It seems in the median_max_durations list we have less elements than in the segments list.

I'm using large-v3-turbo model with these transcibe settings:

segments, _ = asr_model.transcribe(audio_to_analize, language="fr", condition_on_previous_text=False, initial_prompt="Free", task='transcribe', word_timestamps=True, suppress_tokens=[-1, 12], beam_size=5) 
segments = list(segments)  # The transcription will actually run here.

As I see, the median_max_durations is populated from alignments, so something is maybe wrong there? If i change language or prompt, or use another sound file, then there is no issue.

Thank you

MahmoudAshraf97 commented 1 day ago

I'm aware that this error exists but I had no luck in reproducing it, can you write the exact steps to reproduce and upload the audio file?
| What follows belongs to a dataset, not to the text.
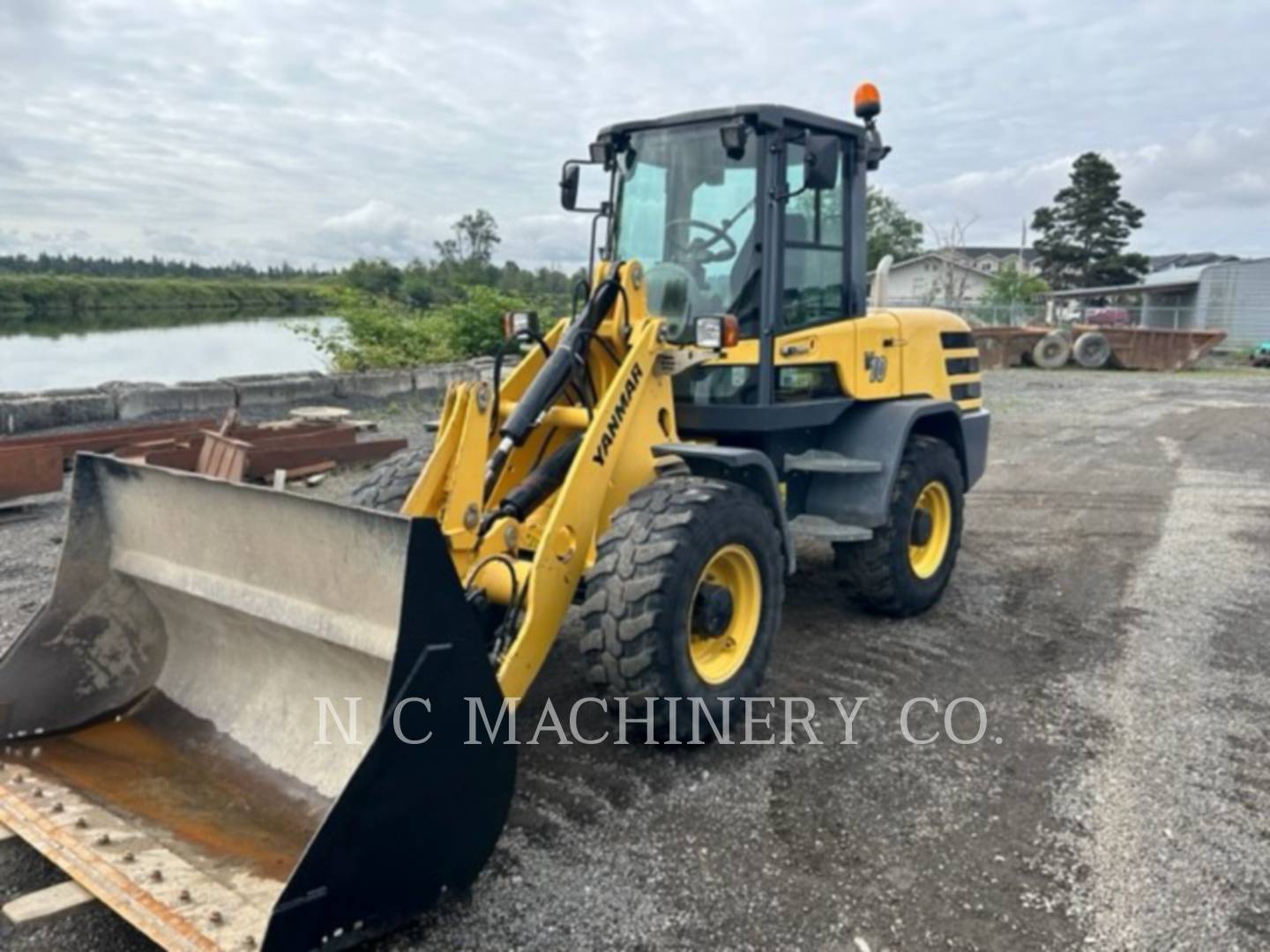 2018 Yanmar V10 LOADER Wheel Loader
formater commented 1 day ago

Yes. The sample python code that generates the issue:

import torch
from faster_whisper import WhisperModel

asr_model = WhisperModel("large-v3-turbo", device="cuda", compute_type="int8", download_root="./models")
segments, _ = asr_model.transcribe('test.wav',  language='fr', condition_on_previous_text=False, initial_prompt='Free', task='transcribe', word_timestamps=True, suppress_tokens=[-1, 12], beam_size=5)
segments = list(segments)  # The transcription will actually run here.

And the audio sample is attached. test.zip

MahmoudAshraf97 commented 1 day ago

I was not able to reproduce it on my machine or using colab

formater commented 1 day ago

Maybe python version, debian, pytorch... or something is slightly different on our setups. Anything I can do on my side to get more debug logs to see what is the issue?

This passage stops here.